• Task goal: These records contain pictures, which must be left out; copy exactly the lines from the one with "Yellow Shell Flower" up to and including the one with "Peace Coffee front".

• Supplied information:
_ _ _ _ _ _ _
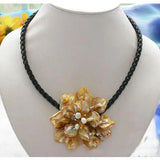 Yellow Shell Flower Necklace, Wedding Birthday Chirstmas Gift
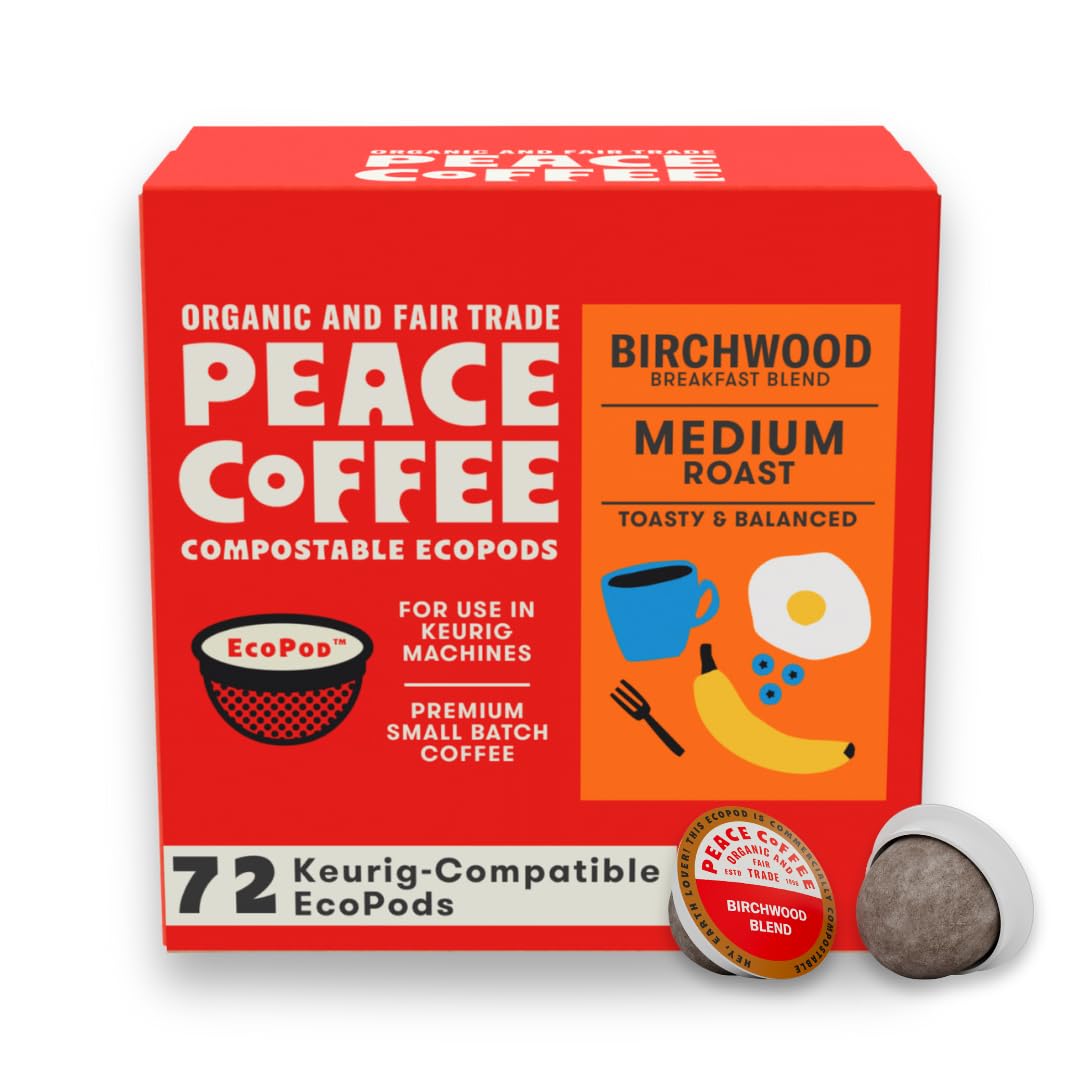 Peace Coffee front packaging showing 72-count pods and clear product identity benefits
_ _ _ _ _ _ _
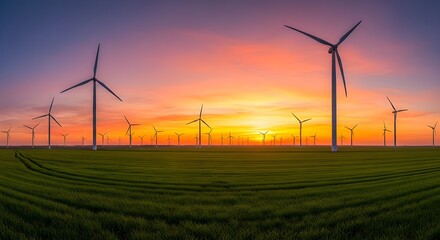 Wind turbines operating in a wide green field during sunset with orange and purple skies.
_ _ _ _ _ _ _
• Written solution:
 Yellow Shell Flower Necklace, Wedding Birthday Chirstmas Gift
 Peace Coffee front packaging showing 72-count pods and clear product identity benefits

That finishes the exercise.